*** Supplied material Section Begins ***
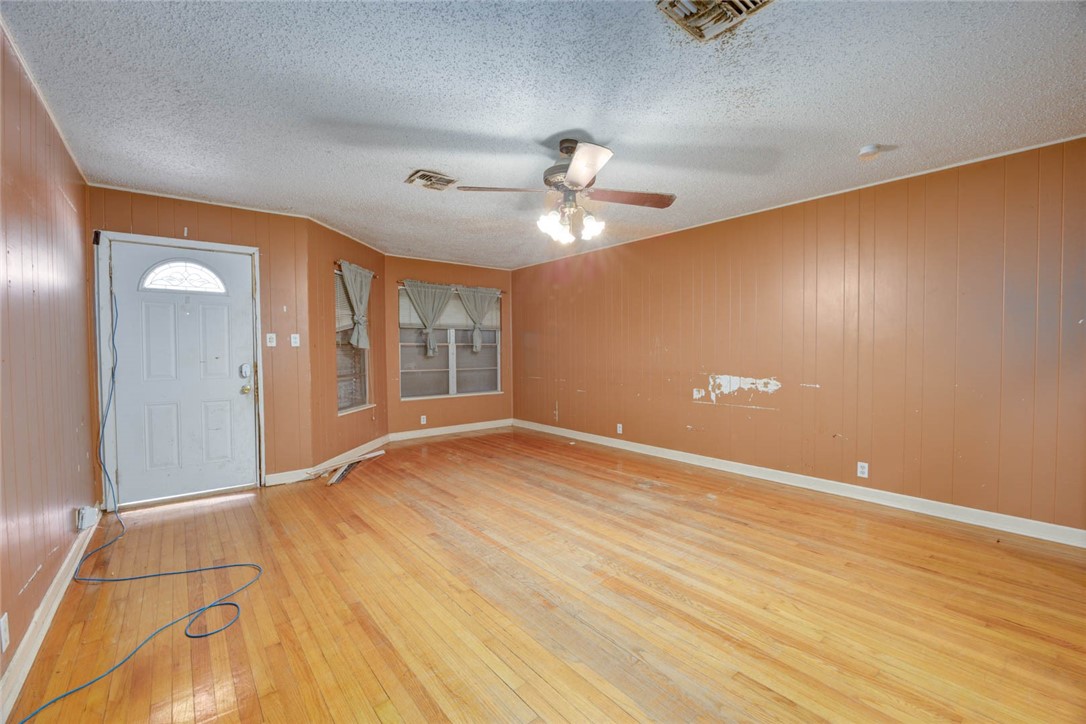 445 Troy Dr Property Photo 3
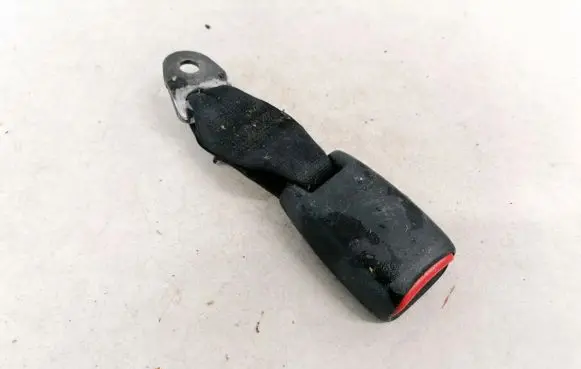 Nissan Altima Rear seatbelt buckle NSB1053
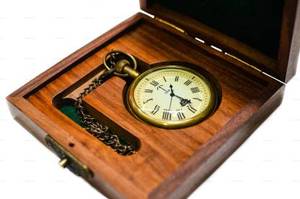 Reloj de bolsillo de barco analógico de latón de aspecto antiguo con caja de madera Cadena de reloj de bolsillo de latón antiguo CHLW044 de Calvin handcraft - Product Image 3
*** Supplied material Section Ends ***
▸ What the task requires: For this exercise, retype the data above exactly and skip every image.

▸ Solution for this exercise:
 445 Troy Dr Property Photo 3
 Nissan Altima Rear seatbelt buckle NSB1053
 Reloj de bolsillo de barco analógico de latón de aspecto antiguo con caja de madera Cadena de reloj de bolsillo de latón antiguo CHLW044 de Calvin handcraft - Product Image 3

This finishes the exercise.